Assume that the yoyo is always rolling without slipping.

Physical experiments shows that the yoyo would roll to the right.

I'm aware of some ways to show this without analytically solving the system (e.g. by changing the axis of rotation to be the point of contact with the yoyo and the floor). However, as an exercise I am trying to prove this result analytically.

To show this, my intuition would be that the final goal is to show that the torque generated by the force $F$ on the red wheel is smaller in magnitude than the torque generated by the static friction force (at the point of contact with the floor) on the larger orange wheel.
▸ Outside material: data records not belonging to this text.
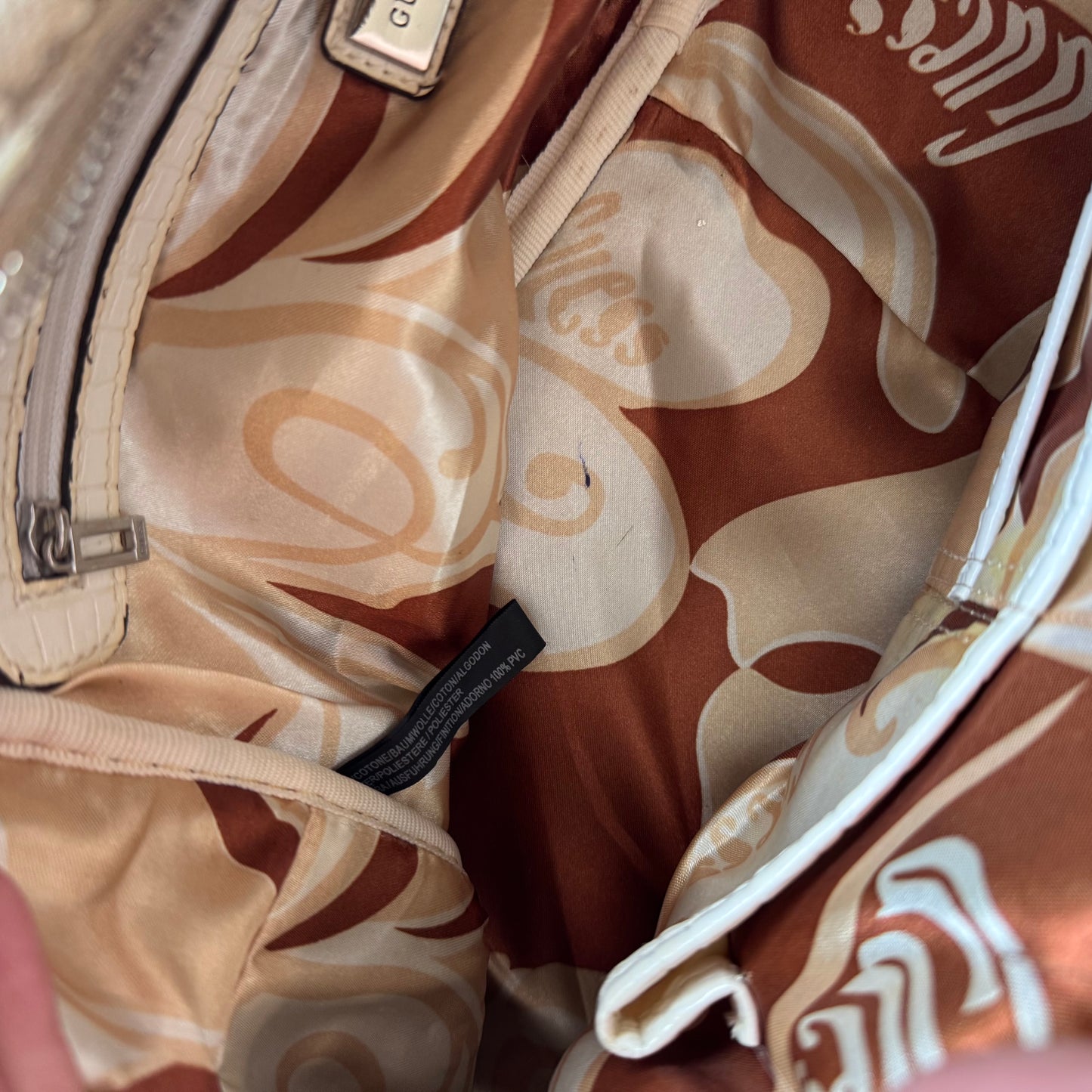 Guess Vintage Y2k Bag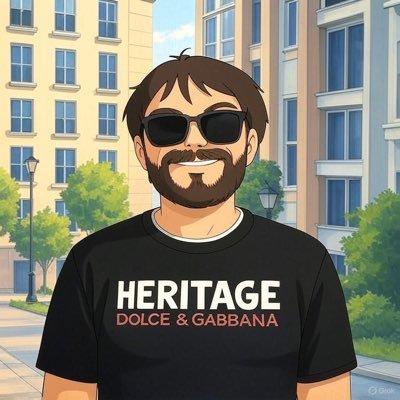 dvblsv's profile picture. 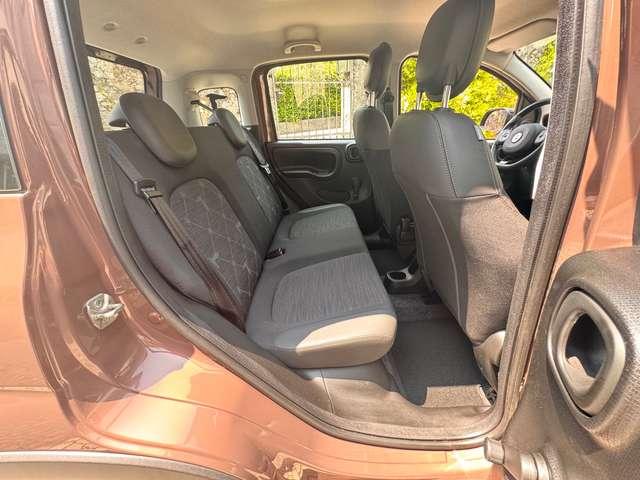 Fiat Panda 1.2 City Cross TRUSSARDI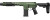 Pistol, Suppressed ZEROED BANSHEE, Mk4, 5.7X28MM, 6.5"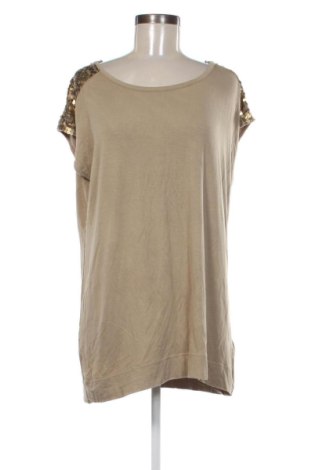 Dámská halenka DKNY, Velikost L, Barva Béžová, Cena  776,00 Kč, #137090222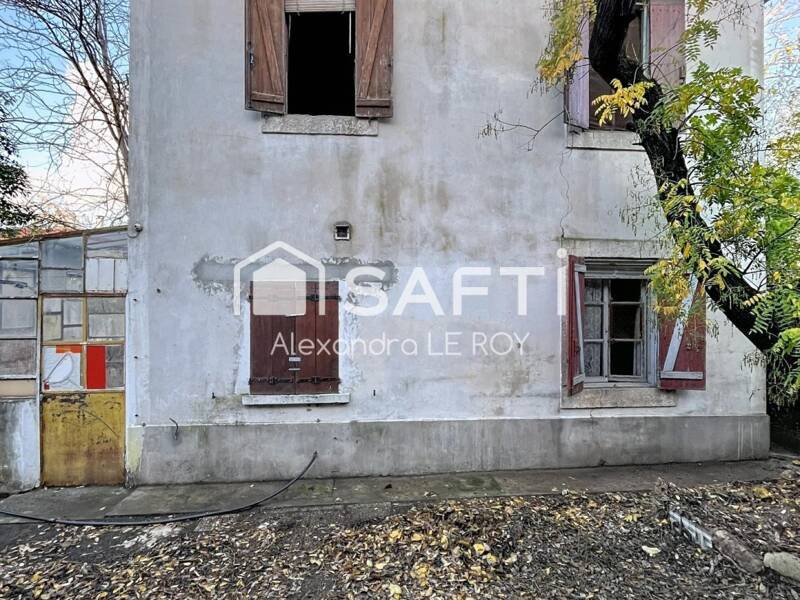 Maison à vendre, 83m², MONTPELLIER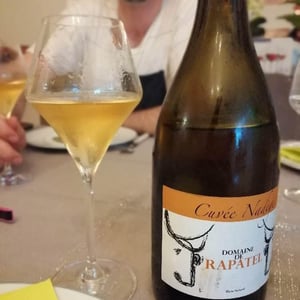 Cuvée Nadège 2010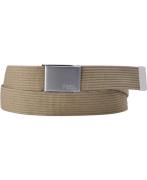 Fjällräven Canvas Belt One Size - Bælter hos Magasin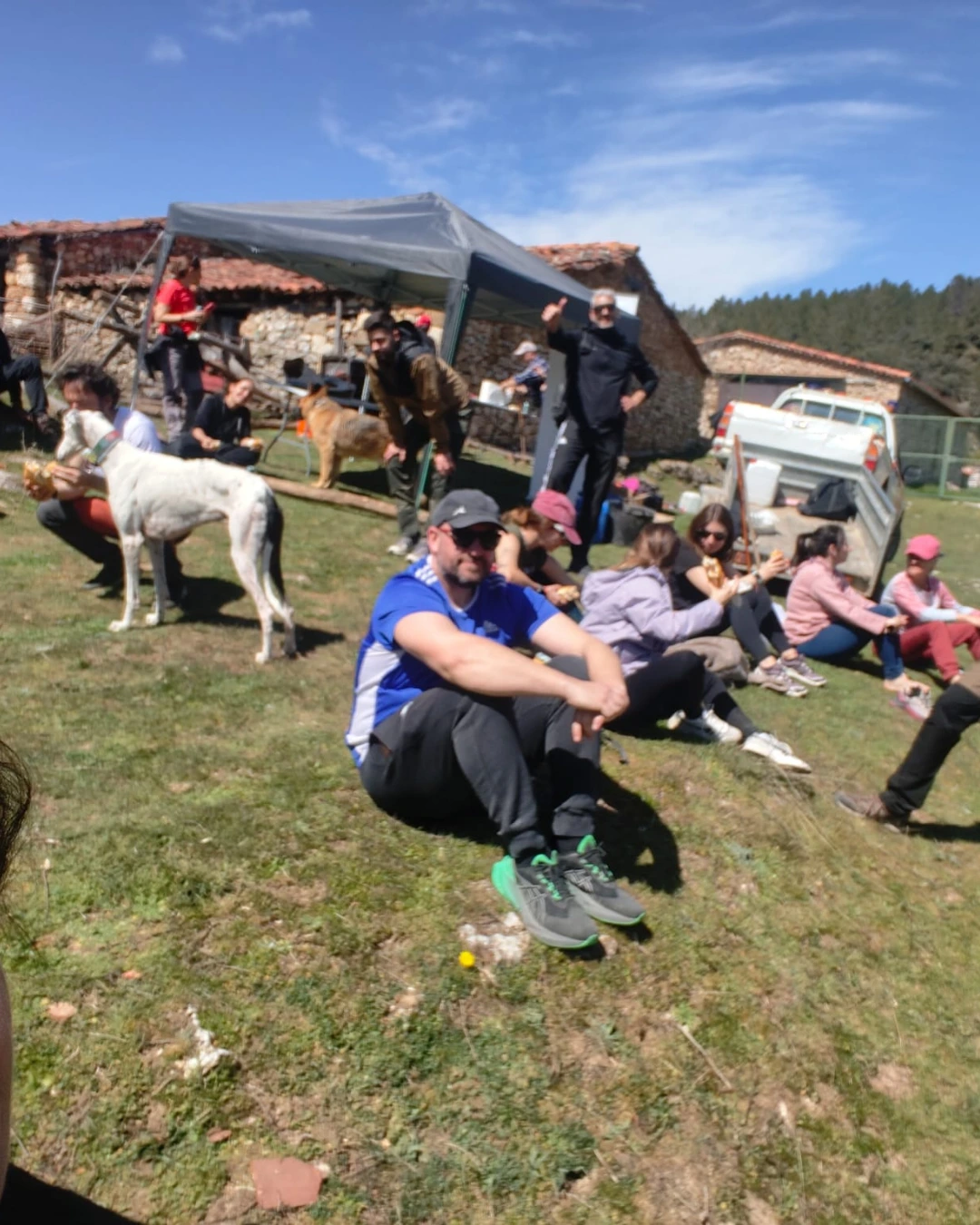 Senderismo Cañibike Cuenca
Some initial equations I laid out were:

$\tau_1 = F \cdot r_1$

i.e. equation for torque $\tau_1$ generated by the force $F$, where $r_1$ is the radius of the red disk

$\tau_2 = F_f \cdot r_2$

i.e. equation for torque $\tau_2$ generated by friction force $F_f$, where $r_2$ is the radius of the orange disk

Next, I try to find a relationship between $F$ and $F_f$, but I am getting confused here. Since we are not slipping, this implies the only friction force is static. But this would imply $F = F_f$. But then this would imply the centre of mass of the yoyo is not accelerating. Hence the yoyo is stationary?

If the yoyo were already in motion, then this would be fine. We would have $F = F_s$, and then since $r_2 > r_1$, we have that $|\tau_2| > |\tau_1|$ as required. But if the yoyo is stationary, what happens?

Thank you!

Answer 1

You've sort of proven your own answer in the statement of the question. If it is moving, then the force to the right must be greater than friction. Since you assume it is rolling without slipping, it will roll to the right, done.

The more interesting question (which I think is conceptually what you're getting at) is under what conditions it will roll to the right without slipping and when would it unravel the other direction. Since that is the boundary where it goes from rolling without slipping to sliding, that will be when $F \cdot r_1 \geq \mu_s N \cdot r_2$. When that condition is met, the friction will switch to kinetic and the yo-yo will start spinning to the left while it slides (since $\mu_k < \mu_s$). Interestingly, there isn't a specific value of $F$ where it just slides (provided you start from rest) since the friction changes discontinuously.